» Dataset extract:
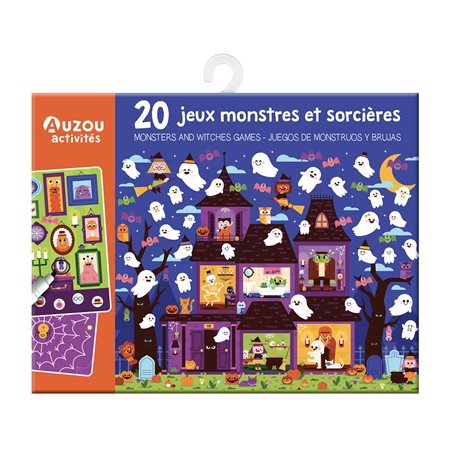 20 jeux monstres et sorcières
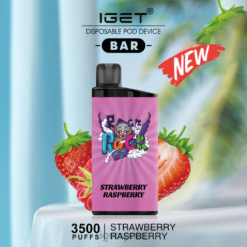 igae spain- 6200N596 frambuesa fresa barra iget barra iget - 3500 inhalaciones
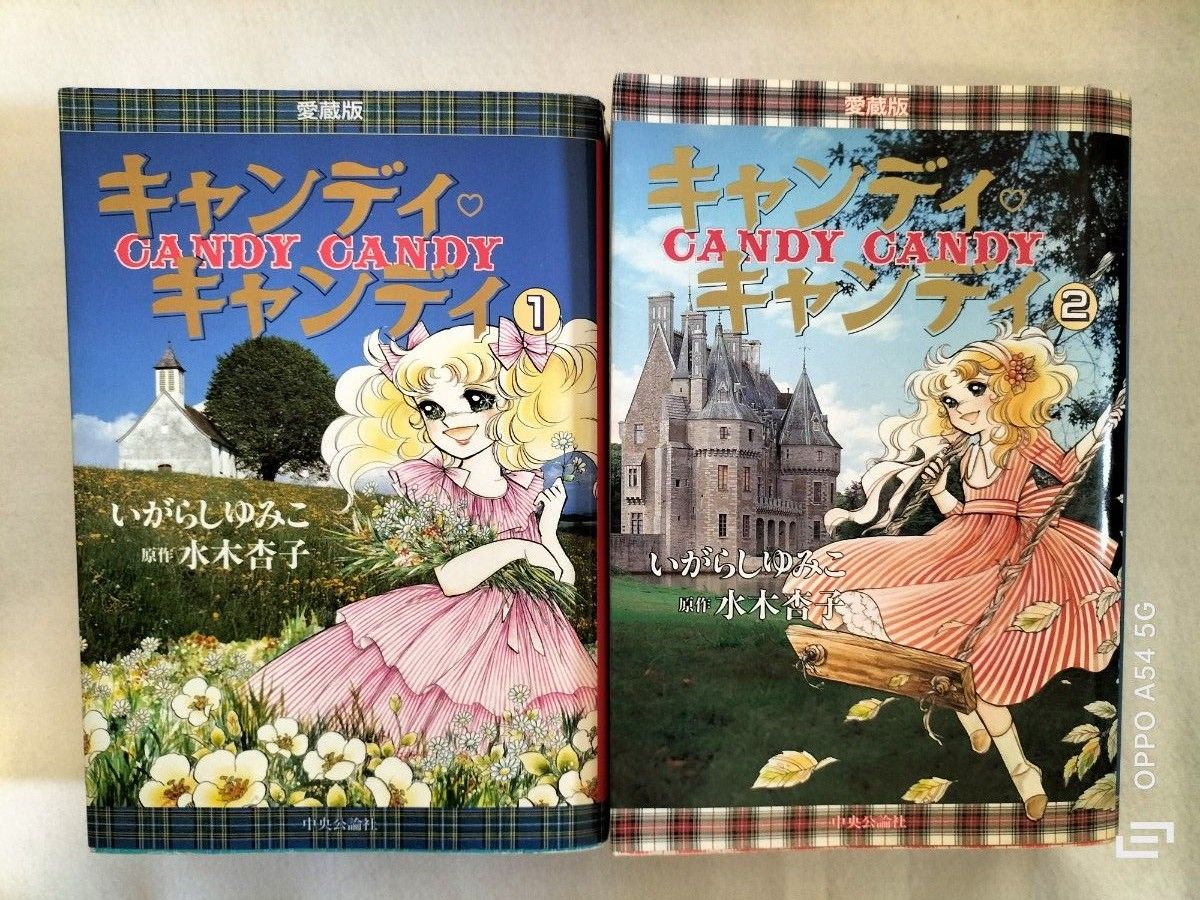 キャンディキャンディ 愛蔵版 全巻セット いがらしゆみこ 水木 キャンディキャンディ 愛蔵版 全巻セット いがらしゆみこ 水木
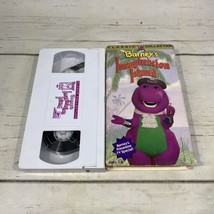 Barney Imagination Island Classic Collection VHS Video Tape VTG Sing Along Songs - £4.22 GBP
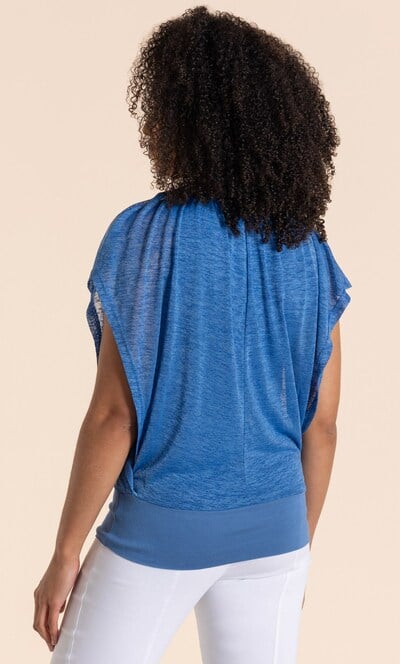 Jersey Layer Top With Necklace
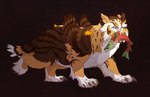 Rating: s
ID: 5524636
Date: 2025-04-23 07:15:18 -0400
Status: active
Score: 7
2025 absurd_res ambiguous_gender beak calico_cat calico_pattern claws complex_shading digital_media_(artwork) domestic_cat dungeons_and_dragons feathers felid feline felis feral fish full-length_portrait hasbro hi_res holding_object ingridskogstad leaf mammal marine markings owlbear paint_tool_sai_(artwork) portrait salmon salmonid_(fish) simple_background solo striped_markings stripes tail tail_feathers textured_background tortoiseshell walking wizards_of_the_coast post #5524636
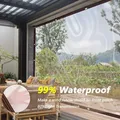 Bâche transparente 2x4m pour poulailler et jardin – 4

» Task brief:
Write out every entry above exactly, minus the pictures.

» Result for this exercise:
 20 jeux monstres et sorcières
 igae spain- 6200N596 frambuesa fresa barra iget barra iget - 3500 inhalaciones
 キャンディキャンディ 愛蔵版 全巻セット いがらしゆみこ 水木 キャンディキャンディ 愛蔵版 全巻セット いがらしゆみこ 水木
 Barney Imagination Island Classic Collection VHS Video Tape VTG Sing Along Songs - £4.22 GBP
 Jersey Layer Top With Necklace
 Rating: s
ID: 5524636
Date: 2025-04-23 07:15:18 -0400
Status: active
Score: 7
2025 absurd_res ambiguous_gender beak calico_cat calico_pattern claws complex_shading digital_media_(artwork) domestic_cat dungeons_and_dragons feathers felid feline felis feral fish full-length_portrait hasbro hi_res holding_object ingridskogstad leaf mammal marine markings owlbear paint_tool_sai_(artwork) portrait salmon salmonid_(fish) simple_background solo striped_markings stripes tail tail_feathers textured_background tortoiseshell walking wizards_of_the_coast post #5524636
 Bâche transparente 2x4m pour poulailler et jardin – 4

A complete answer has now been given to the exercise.